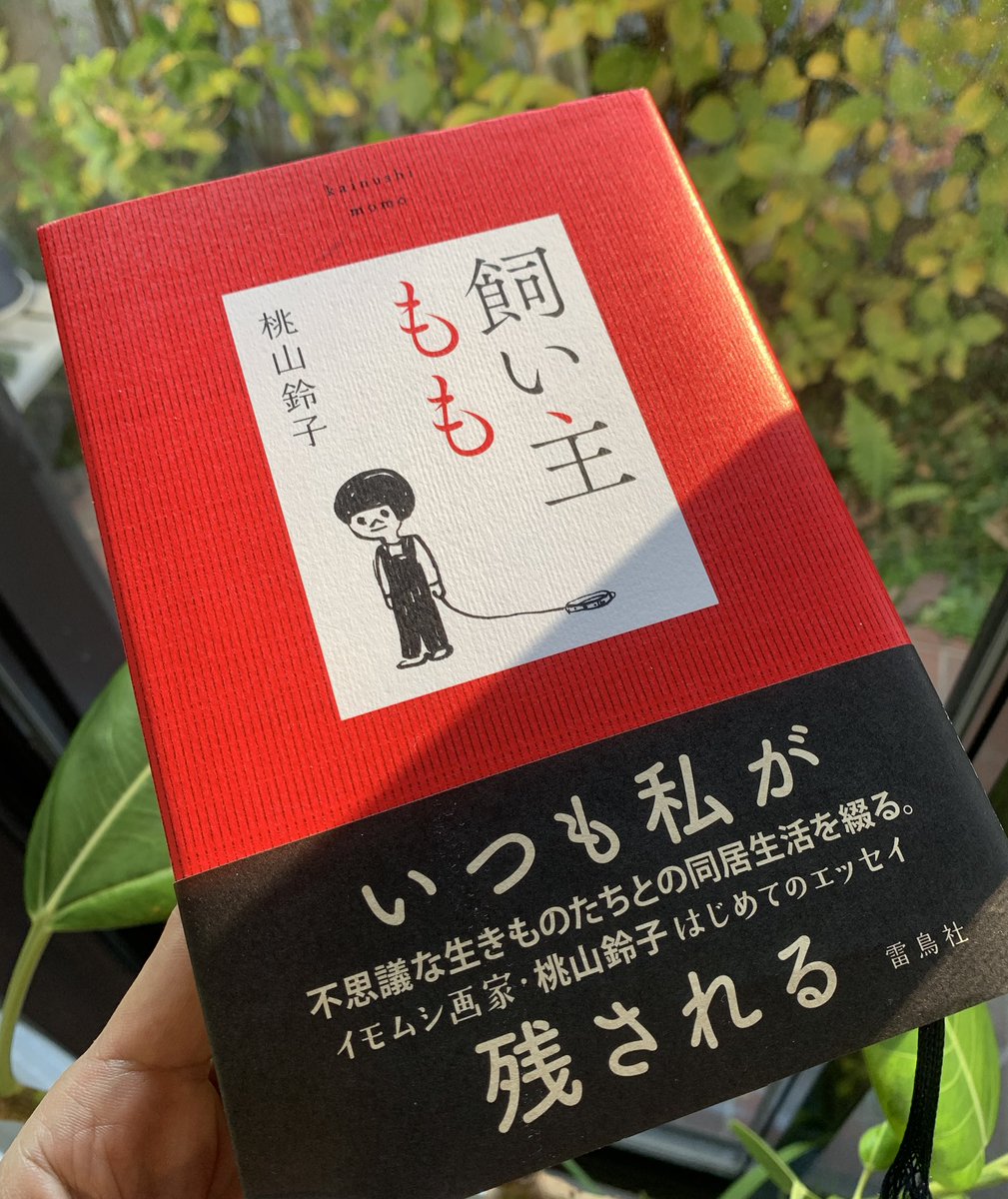 inodesu's tweet photo. 「なんか面白い本が読みたいな」という人にスゲェお薦めできる本を読んだ。面白いなんて人それぞれでしょ？いやそんな垣根をこの本は乗り越える。
イモムシ画家、桃山鈴子の自伝エッセイ『飼い主もも』。
生き物たちの生と死と、彼女の人生のデコボコが共鳴しあってなんとも感動的な本でした。 https://t.co/BwCNBmbRLU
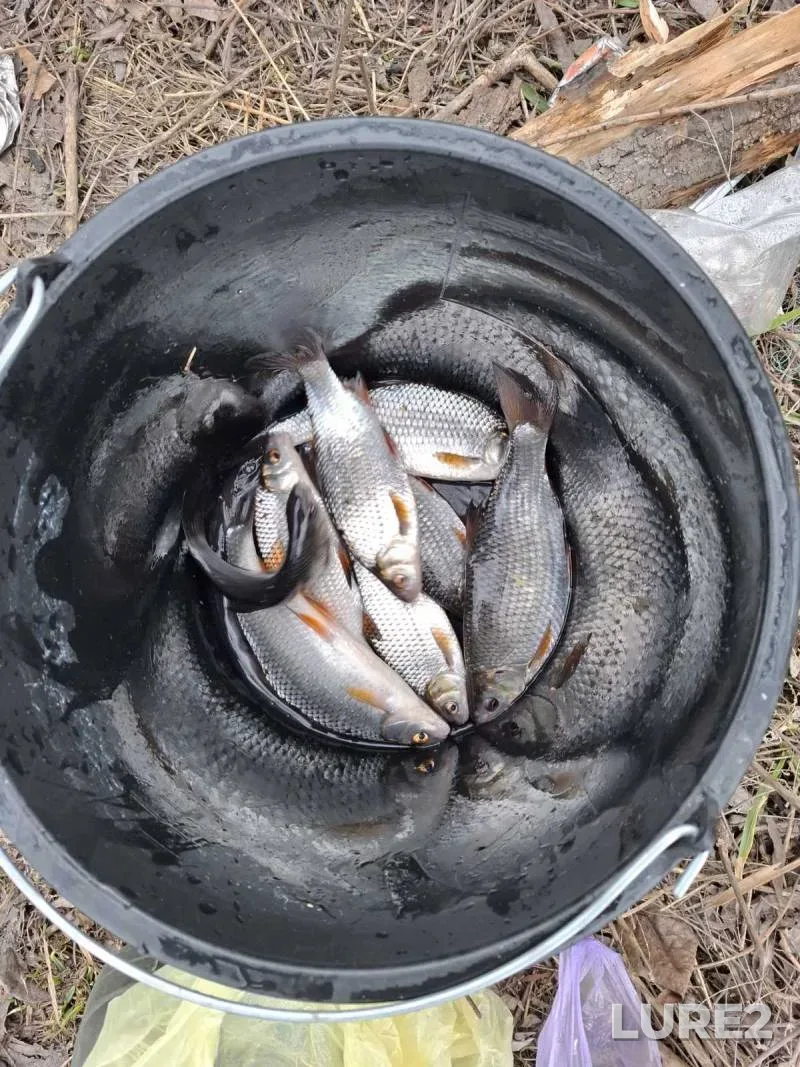 Roach — Dnepr, Mar 21, 12:00 PM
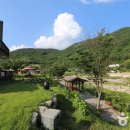 향기나라사랑이 이미지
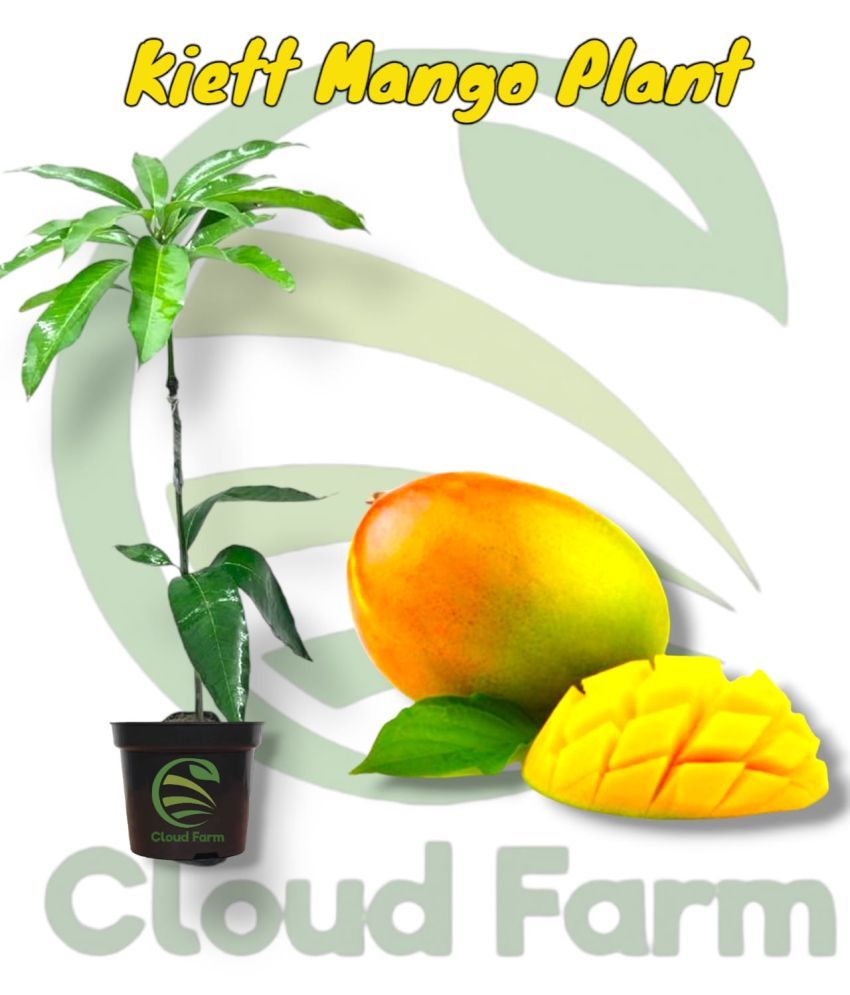     			Cloud Farm Outdoor Fruit Plant ( Pack of 1 )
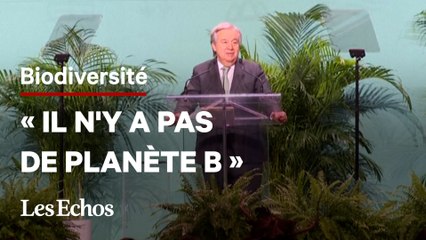 Download Video: « L'humanité est devenue une arme d'extinction massive », déclare Antonio Guterres (ONU) à la COP15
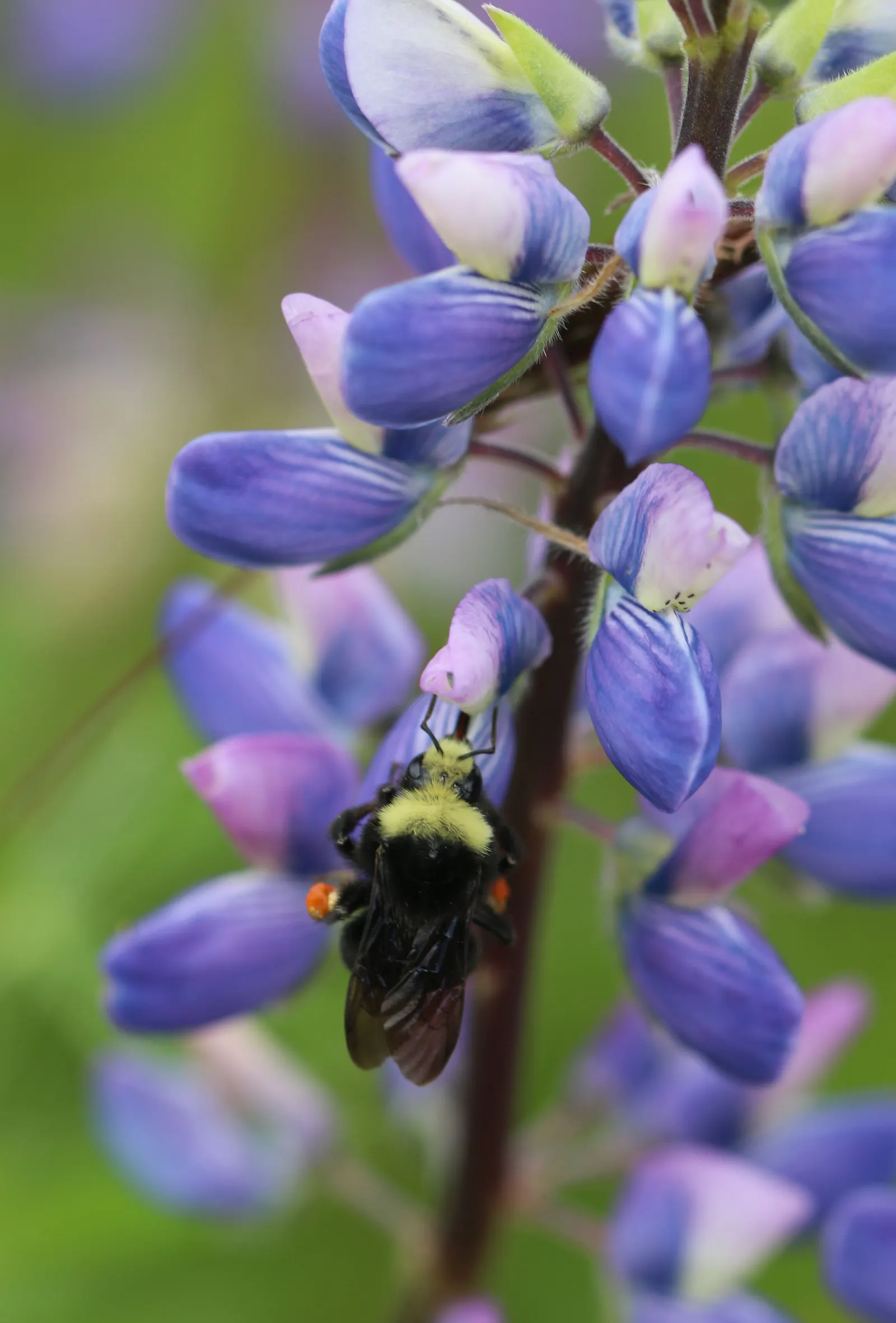 Pacific Lupine (Lupinus Lepidus) — This species is native to the western United States, particularly flourishing in the Pacific Northwest; is a, image 97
#####
Begin the copy at the line containing "Roach — Dnepr, Mar 21, 12:00 PM" and end it at the final line of the material above, reproducing each line exactly and omitting pictures.

 Roach — Dnepr, Mar 21, 12:00 PM
 향기나라사랑이 이미지
     			Cloud Farm Outdoor Fruit Plant ( Pack of 1 )
 Download Video: « L'humanité est devenue une arme d'extinction massive », déclare Antonio Guterres (ONU) à la COP15
 Pacific Lupine (Lupinus Lepidus) — This species is native to the western United States, particularly flourishing in the Pacific Northwest; is a, image 97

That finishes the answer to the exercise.